Titration experiment: Determination of the acid content of vinegar.

25.00 mL of vinegar with a 5% concentration of acetic acid is combined with distilled water to prepare a dilute vinegar solution of 250.00 mL.

The burette is filled with a standardised NaOH solution with a molarity of 0.09979 M.

25.00 mL of diluted vinegar is pipetted into a conical flask, and phelphthalein indicator is added to it.

The volume of NaOH that needed to be added in order for the acetic acid to be neutralized is 21.57 mL.

The reaction equation for the titration is CH3COOH + NaOH--> CH3COONa + H2O.

Using the above data, calculate the following for this experiment (show detailed calculations):

a) From the titration results, calculate the number of moles of NaOH required to neutralize the acetic acid in the 25mL of diluted vinegar.

b) Calculate the number of moles of acetic acid in the 25mL of diluted vinegar used in the titration.

c) Find the molarity of acetic acid in the diluted vinegar.

d) Calculate the dilution factor used in preparing the diluted vinegar from the original vinegar.

e) Calculate the molarity of acetic acid in the original vinegar.

f) Express the concentration fo acetic acid in the vinegar in:

    i) g/L

    ii) g/100 mL

g) What therefore is the weight by volume percentage (w/v %) of acetic acid in the vingear.
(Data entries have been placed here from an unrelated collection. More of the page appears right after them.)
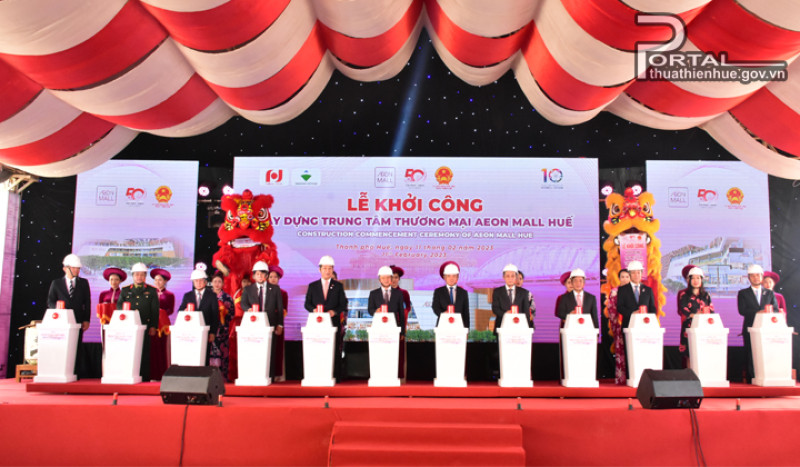CONSTRUCTON COMMENCEMENT CEREMONY OF AEON MALL HUE – THE FIRST AEON MALL IN CENTRAL VIETNAM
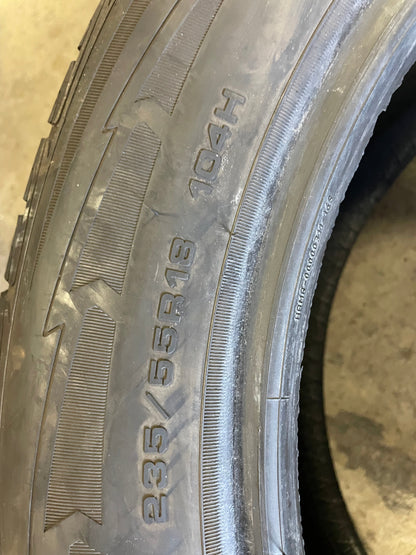 SINGLE 235/55R18 Goodyear Ultra grip 104 H XL - Used Tires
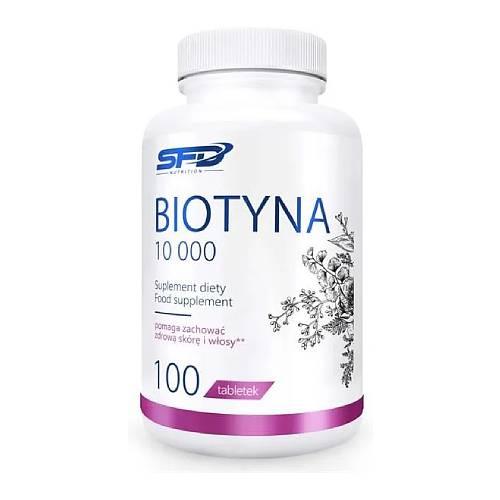 Miniaturka artykułu - SFD Biotyna 10000 mg, 100 tabl.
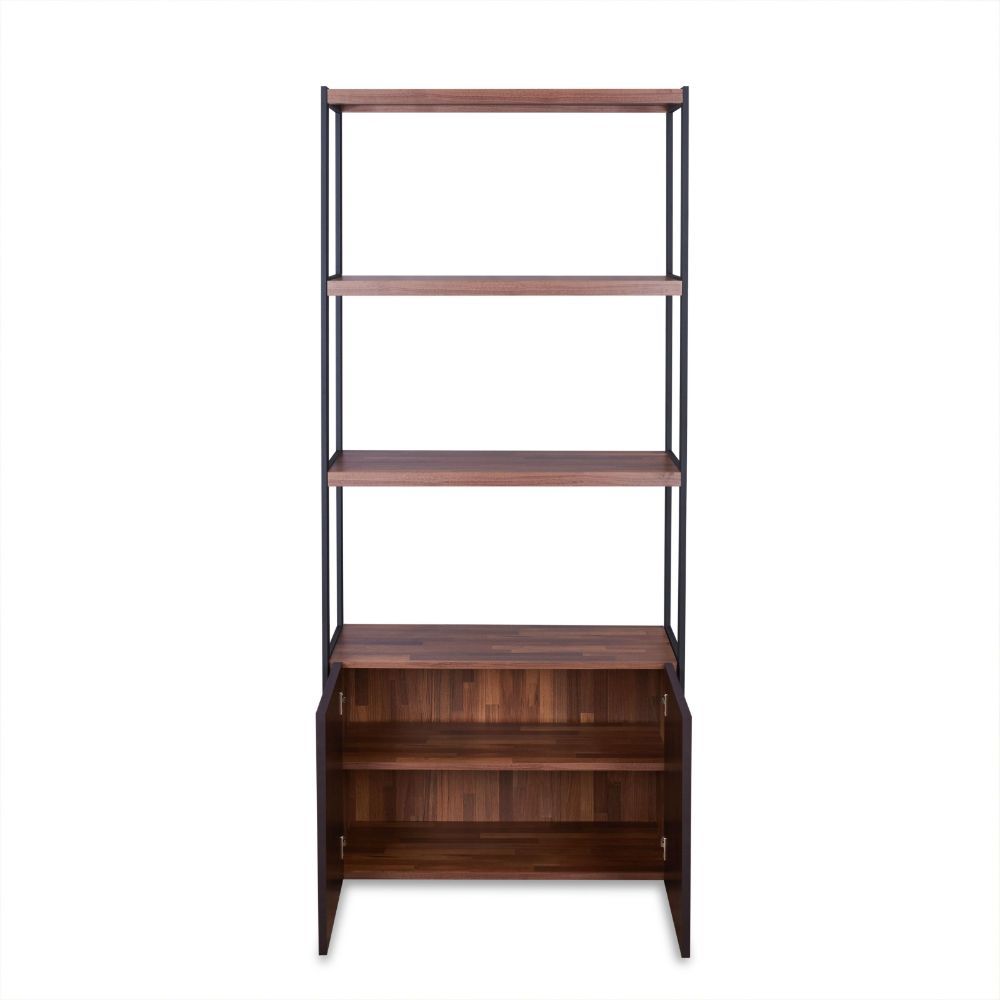 Sara - Bookshelf - Walnut & Sandy Black, dark brown, view 6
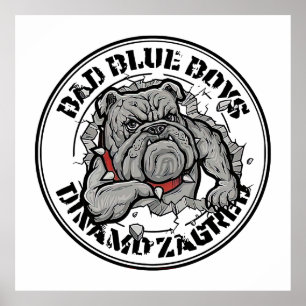 BBB logo embodies the spirit of Dinamo Zagreb Poster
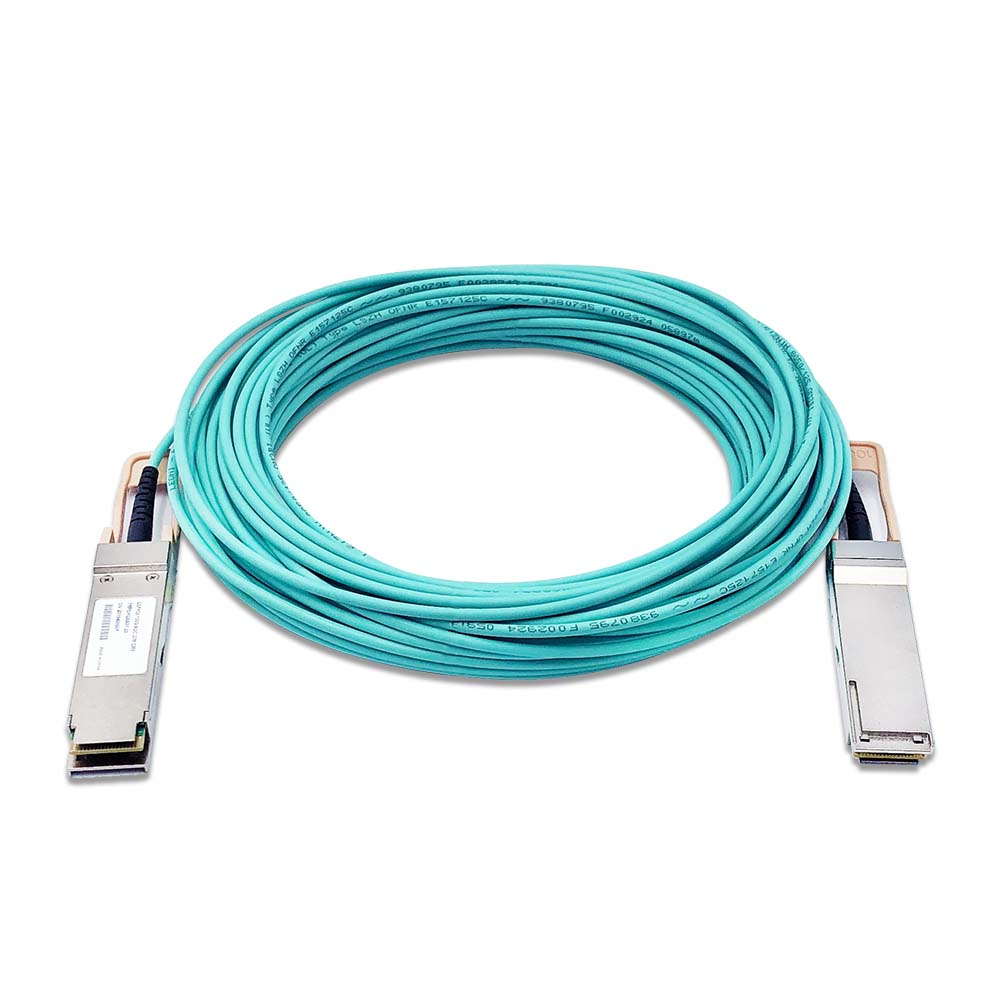 100G QSFP28 Active Optical Cable PVC – Dell, 1M
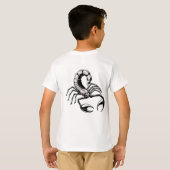 Cool Silver Scorpion T-shirt (Achterkant volledig)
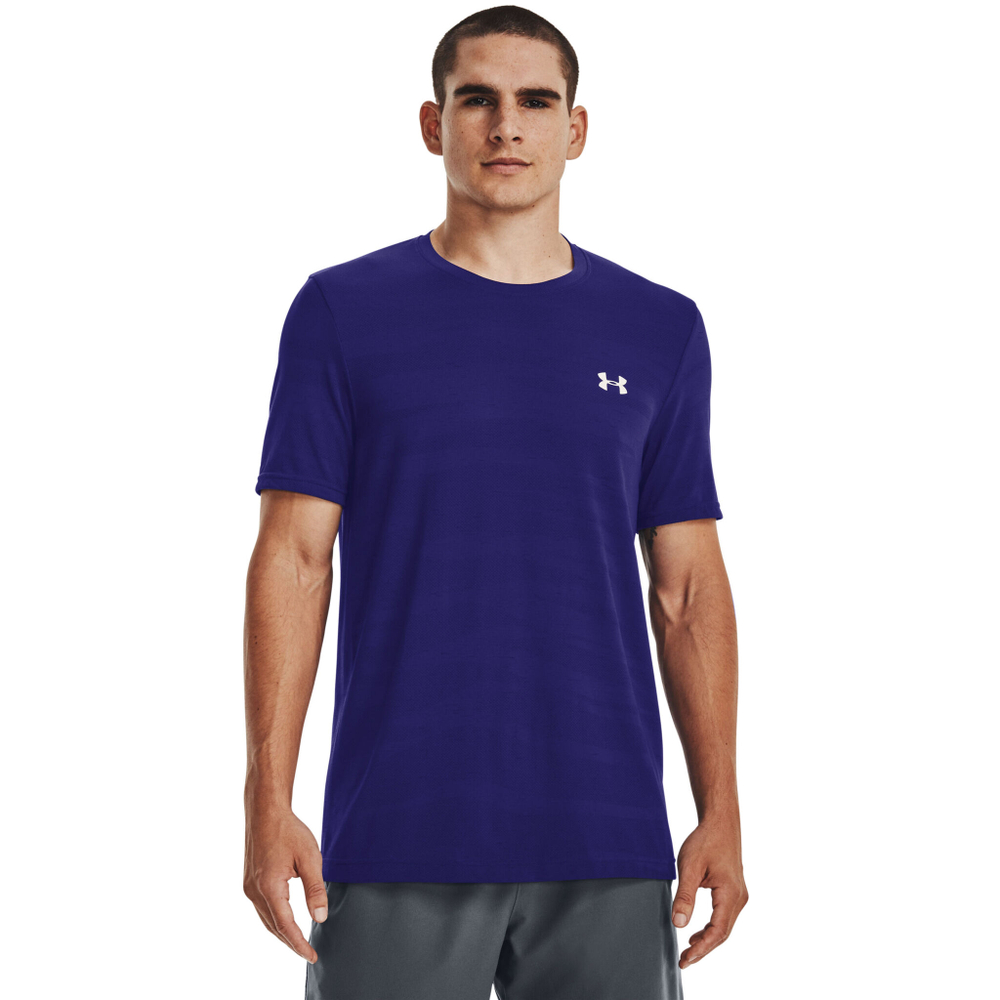 Мужское теннисное поло Under Armour Seamless Wave Men - Dark Blue, Blue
h) Explain why it was important to determine the mass of KHP by difference.

Answer 1

a) Number of moles of NaOH required for the titration = (volume of NaOH in L)*(molarity of NaOH in mol/L) = (21.57 mL)*(1 L/1000 mL)*(0.009979 mol/L) (1 M = 1 mol/L) = 2.1525*10^-4 mole (ans).

b) As per the stoichiometric equation,

1 mole NaOH =1 mole acetic acid

Therefore, mole(s) of acetic acid in 25.00 mL vinegar solution = mole(s) of NaOH titrated = 2.1525*10^-4 mole (ans).

c) Molarity of acetic acid in the diluted sample = (moles of acetic acid)/(volume of dilute solution taken for titration in L) = (2.1525*10^-4 mole)/[(25.00 mL)*(1 L/1000 mL)]= 0.008610 mol/L = 0.008610 M (ans).

d) 25.00 mL of the original vinegar solution was taken and diluted to a final volume of 250.00 mL. The dilution factor is (volume of dilute solution)/(volume of original solution) = (250.00 mL)/(25.00 mL) = 10.00 (ans).

e) Molarity of acetic acid in the original solution = (molarity of acetic solution in the dilute solution)*(dilution factor) = (0.008610 M)*(10.00) = 0.0861 M (ans).